ISDN wurde Ende der 1980er Jahre eingeführt und hatte im Jahre 2004 etwa 25 Millionen Benutzer in Deutschland. ISDN hat im Vergleich zu den vorher üblichen analogen Telekommunikationsverfahren

  • viele neue oder erweiterte Dienste angeboten,
  • eine schnellere Übertragung,
  • eine bessere Sprachqualität, und
  • eine einfachere Nutzung von Mehrgeräten.
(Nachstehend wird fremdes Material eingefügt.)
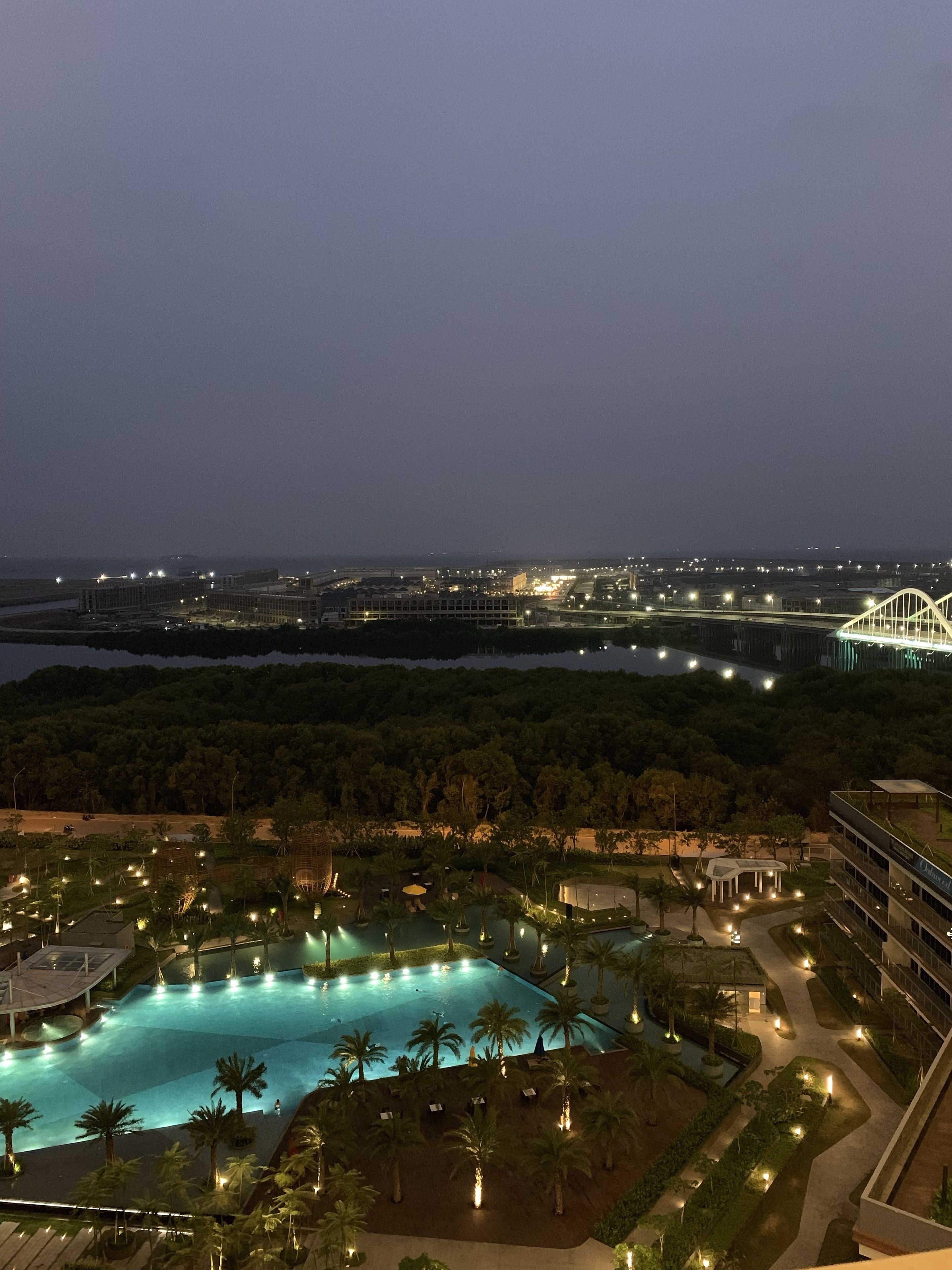 A nighttime view of a resort with a large pool surrounded by palm trees and a bridge in the background.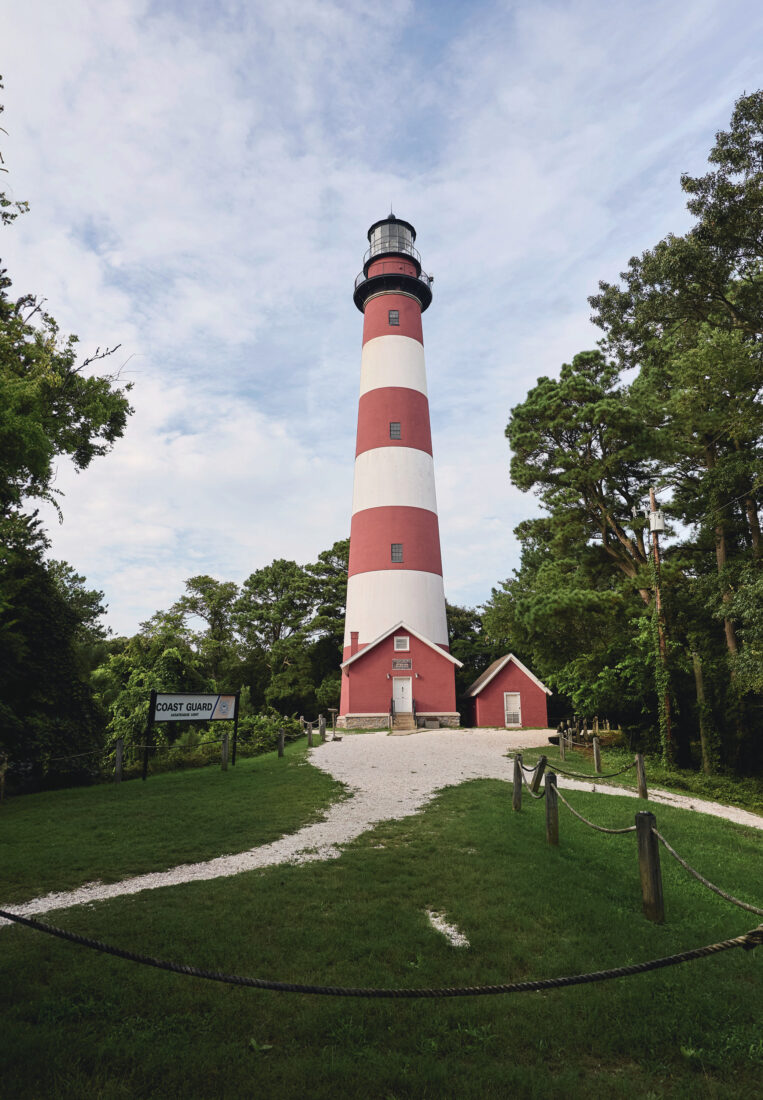 A white and red striped lighthouse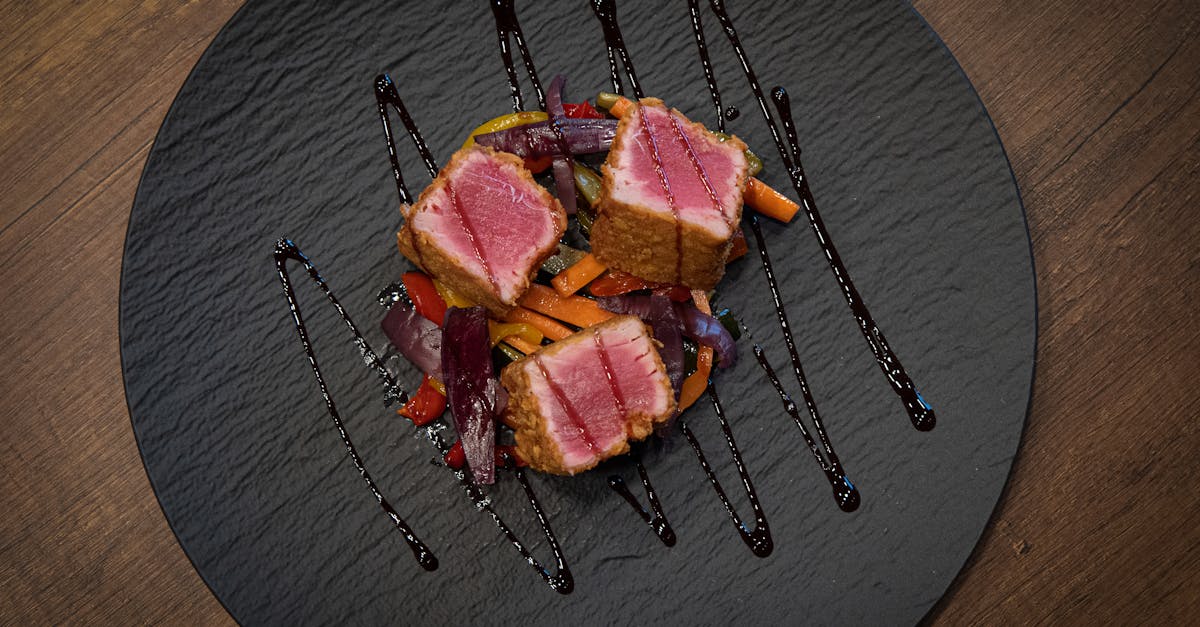 savor gourmet ahi tuna steak with colorful glazed vegetables on an elegant black plate 1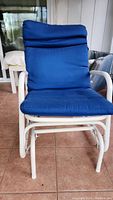 Front view of the outdoor slider rocker chair showing the padded blue seat and back cushions and white metal frame.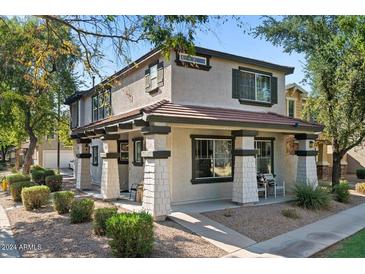 Charming two-story home featuring a cozy front porch with stylish columns and manicured landscaping at 1531 S Owl Dr, Gilbert, AZ 85296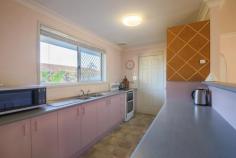 1/10A Pitt Street Coffs Harbour NSW 2450 Opposite a family friendly park and local tennis courts; this low maintenance villa in a complex of just two is perfectly positioned within walking distance to the heart of the CBD! Brick and tile in construction; the tiled foyer provides entry into the open plan home. The galley style kitchen offers electric appliances including an upright stove plus there is internal access to the SLUG. The carpeted living/dining offers reverse cycle air conditioning and a ceiling fan. Adjoining is the north facing, fully fenced courtyard; ideal for alfresco dining. In the eastern wing of the home you will find two carpeted bedrooms both with mirrored built in robes plus the main bedroom offers a ceiling fan. Located directly between the two rooms is the bathroom and separate toilet for convenience. Additional features include: NBN connected, solar power, 250L solar hot water and inclusive laundry in garage. This centrally located property is ideal the home for the first homebuyer, a sound asset for the Investor or the best low maintenance property for the retiree to enjoy.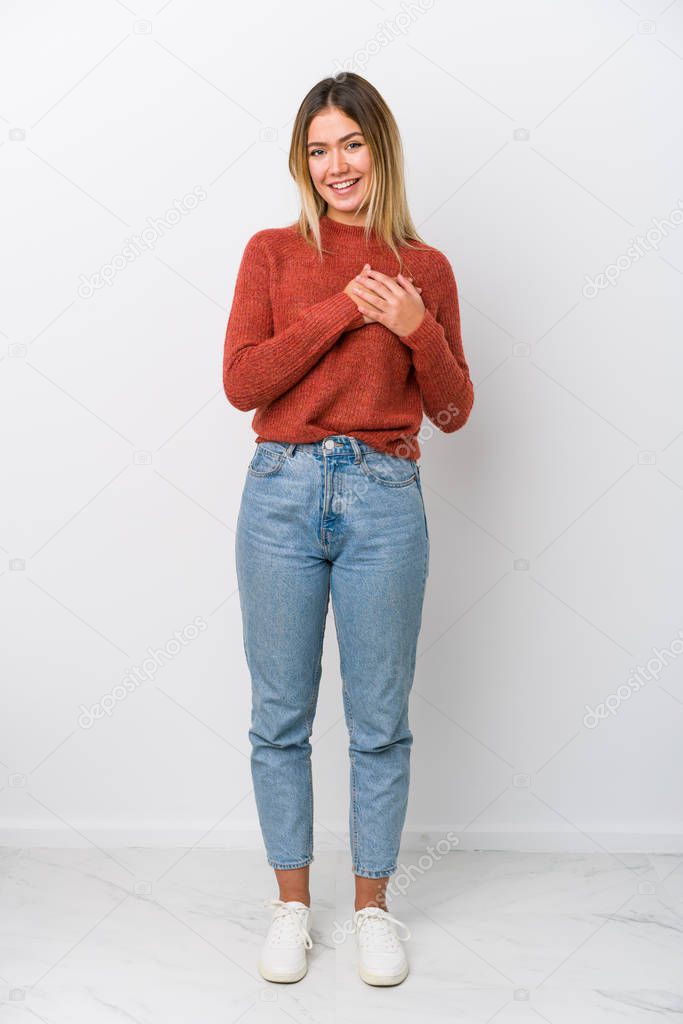 Full body young caucasian woman has friendly expression, pressing palm to chest. Love concept.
Das ISDN–Konzept und die Umsetzung werden im vorliegenden Kapitel dargestellt und erläutert, insbesondere werden behandelt:

  • eine allgemeine Beschreibung von ISDN,
  • die Dienste und Dienstmerkmale des ISDN,
  • die ISDN–Netzinfrastruktur und die verschiedene Anschlussarten,
  • die logischen Kanäle und Schnittstellen von ISDN,
  • die wichtigsten Übertragungscodes bei ISDN, und
  • Breitband–ISDN als eine Weiterentwicklung.


Zum Zeitpunkt der letzten Überarbeitung dieses Buches (2017) darf aber nicht verschwiegen werden, dass ISDN auch in Deutschland keine große Zukunft mehr haben wird – in anderen Ländern hatte es nie diese Bedeutung wie hier.
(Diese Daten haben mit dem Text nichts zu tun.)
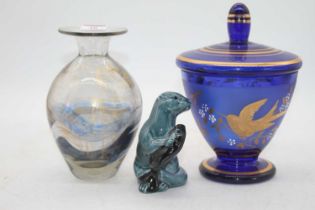 A Poole Pottery model of an otter, length 12cm, together with a glass vase and a glass sweet jar (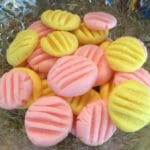 bowl of pink and yellow candies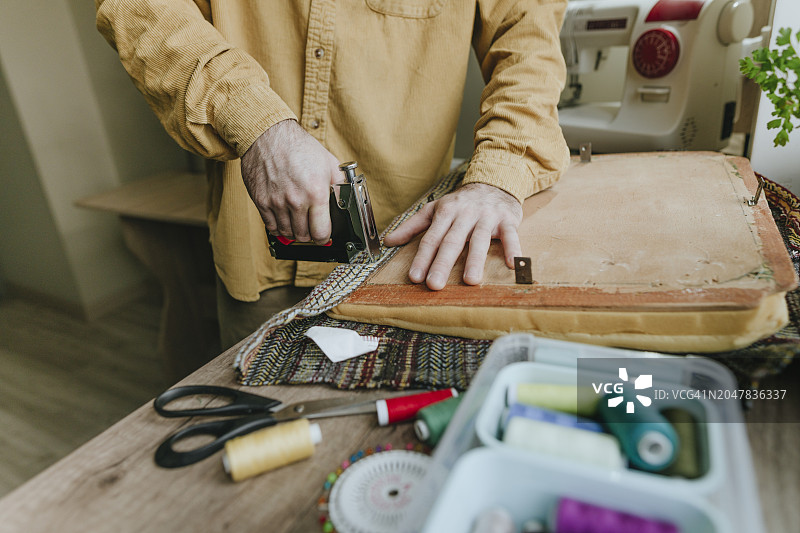 男人在家用订书机将旧衣服的布料固定在椅子上图片素材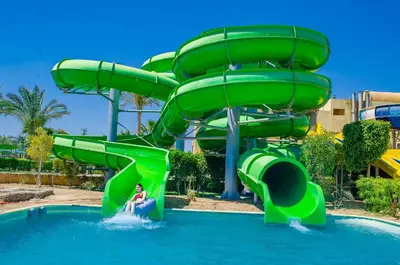 a person riding a water slide at a water park at Titanic Beach - Families and Couples only in Hurghada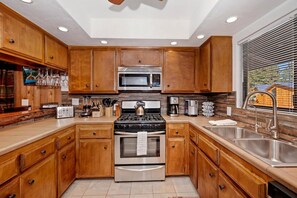 A kitchen with wooden cabinets, stainless steel appliances, and a window with blinds. - Steps from Snow Summit Resort! Ski In/Out Retreat! Incredible Views of Snow Summit Resort! (Big Bear Lake)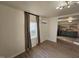 Bright living room featuring modern lighting, wood floors, and view into kitchen at 611 Rowland St, Henderson, NC 27536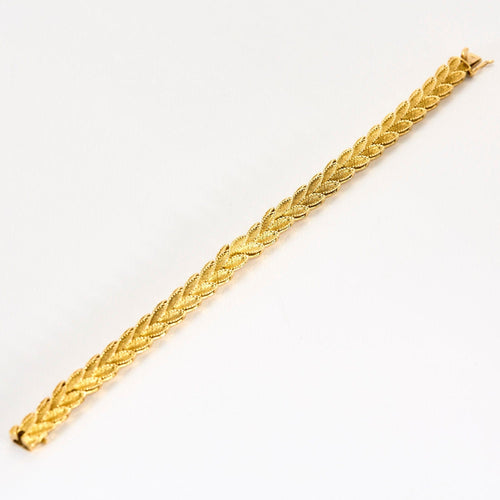 Bracelet Bracelet or jaune à motif de feuilles 58 Facettes CHAL0241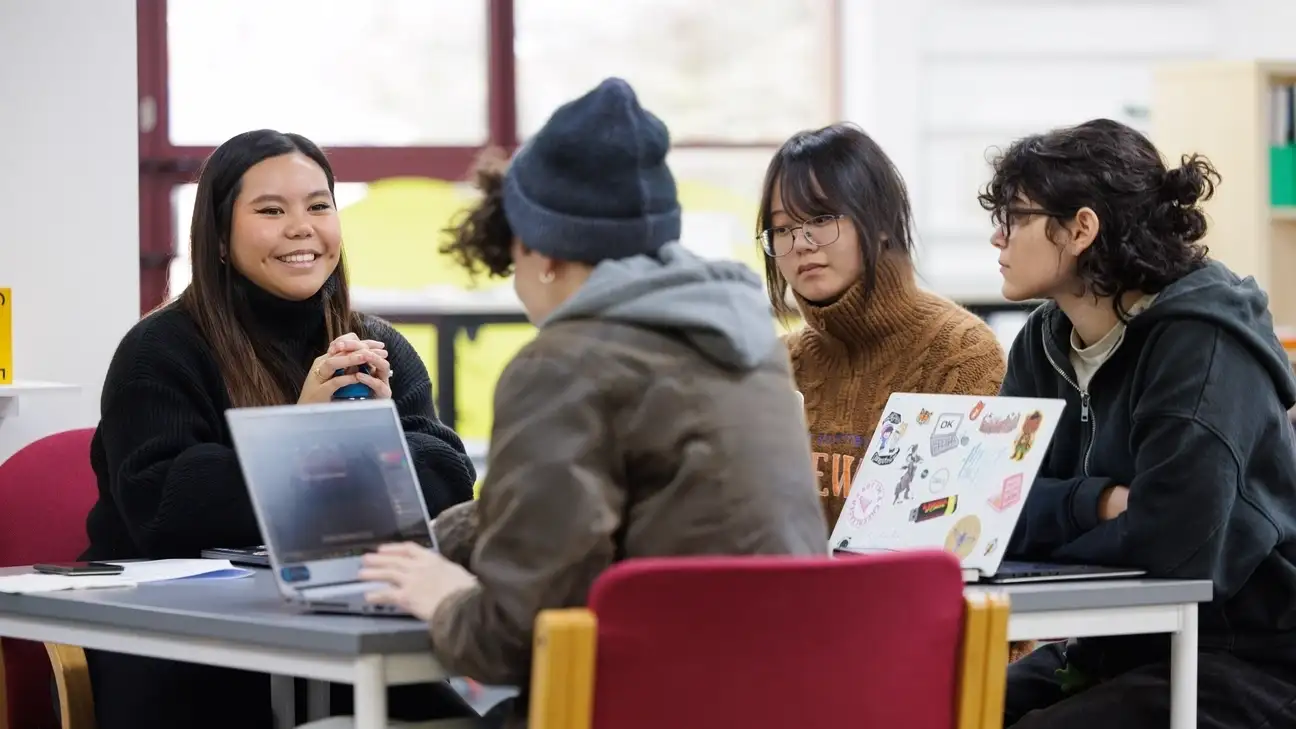 A group of students round a table smiling and talking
  • Die Deutsche Telekom hat verkündet, dass ISDN 2018 abgeschaltet und durch das  Next Generation Network  (NGN) mit paketvermittelter Netzinfrastruktur ersetzt wird.
  • Spätestens 2022 wird Vodafone diesem Beispiel folgen.
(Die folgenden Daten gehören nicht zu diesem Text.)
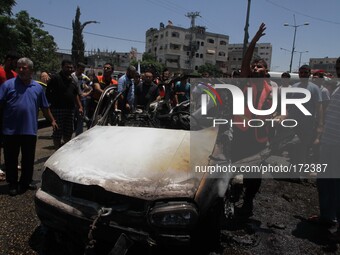 Palestinians gather around a car wreckage after an airstrike in Jabalya refugee camp in the north of the Gaza Strip, Thursday, July 10, 2014...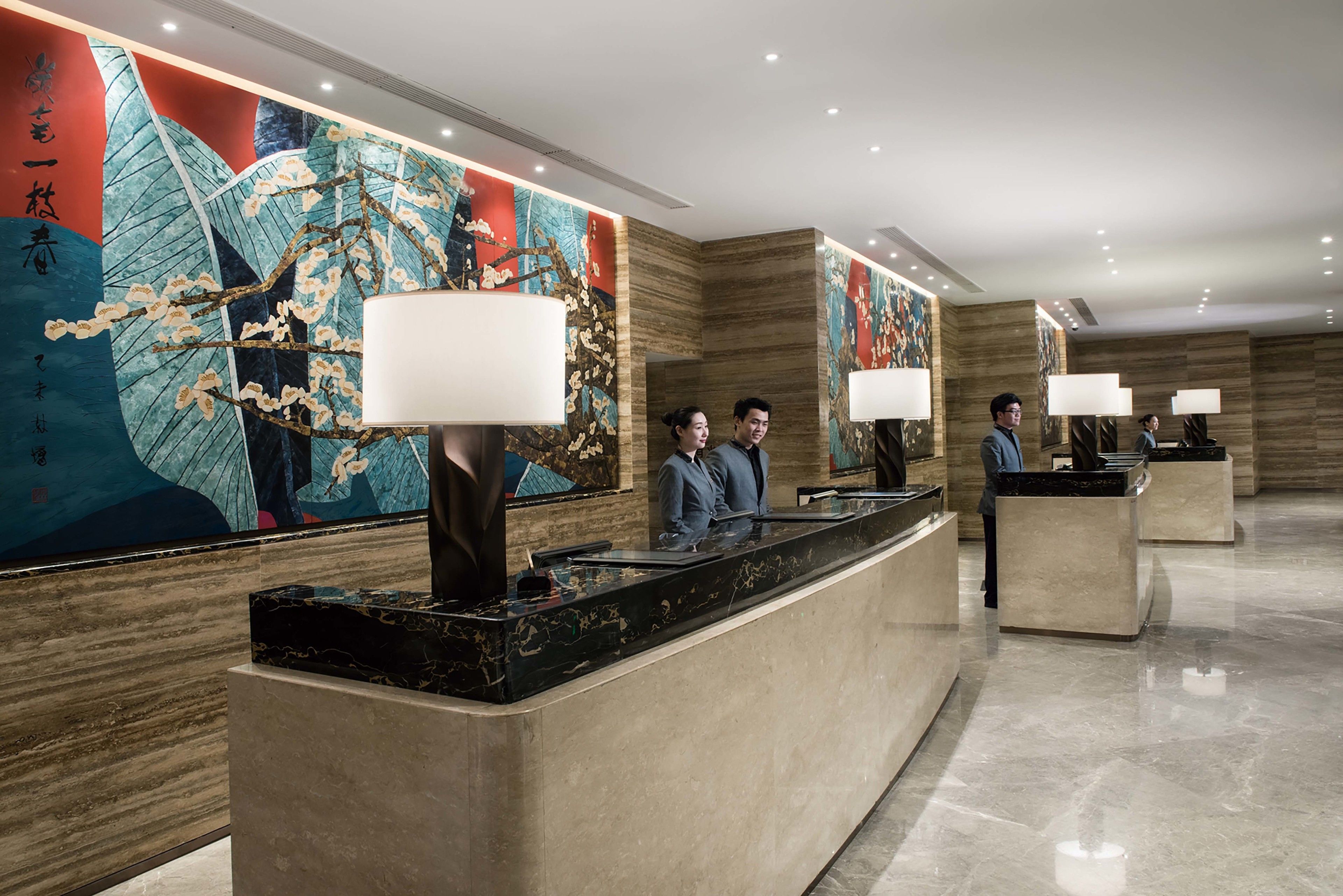 A hotel reception area with marble counters, large wall paintings, and modern lighting.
Ziele und Merkmale von ISDN


Der seit Ende der 1980er Jahre etablierte Standard  $\rm ISDN$  (Integrated Services Digital Network)  ist ein dienstintegriertes digitales Kommunikationsnetz mit dem Ziel,

  • die bis dahin übliche analoge Signalübertragung über Telefonleitungen zu digitalisieren und dadurch eine bessere Sprachqualität zu erzielen,
  • die für die analoge Signalübertragung vorhandene Netzinfrasruktur – insbesondere die für teueres Geld über viele Jahre verlegten Kupferkabel – weiter zu nutzen,
  • verschiedene Informationsquellen wie Sprache, Texte, Daten und Videos, aber auch die aufkommende Multimediakommunikation in einem einzigen Netz zu integrieren,
  • unterschiedliche Fernmeldedienste wie Telefonieren, Faxen, Internetsurfen und vieles mehr über das bestehende Leitungsnetz gleichzeitig zu ermöglichen,
  • die Zahl der erforderlichen Leitungen möglichst gering zu halten, ohne dadurch die Qualität der Übertragung zu beeinträchtigen, und schließlich
  • eine Datenrate von  $\text{64 kbit/s}$  bereitzustellen, die bei der ISDN–Einführung auch für den Datenverkehr als ausreichend angesehen wurde.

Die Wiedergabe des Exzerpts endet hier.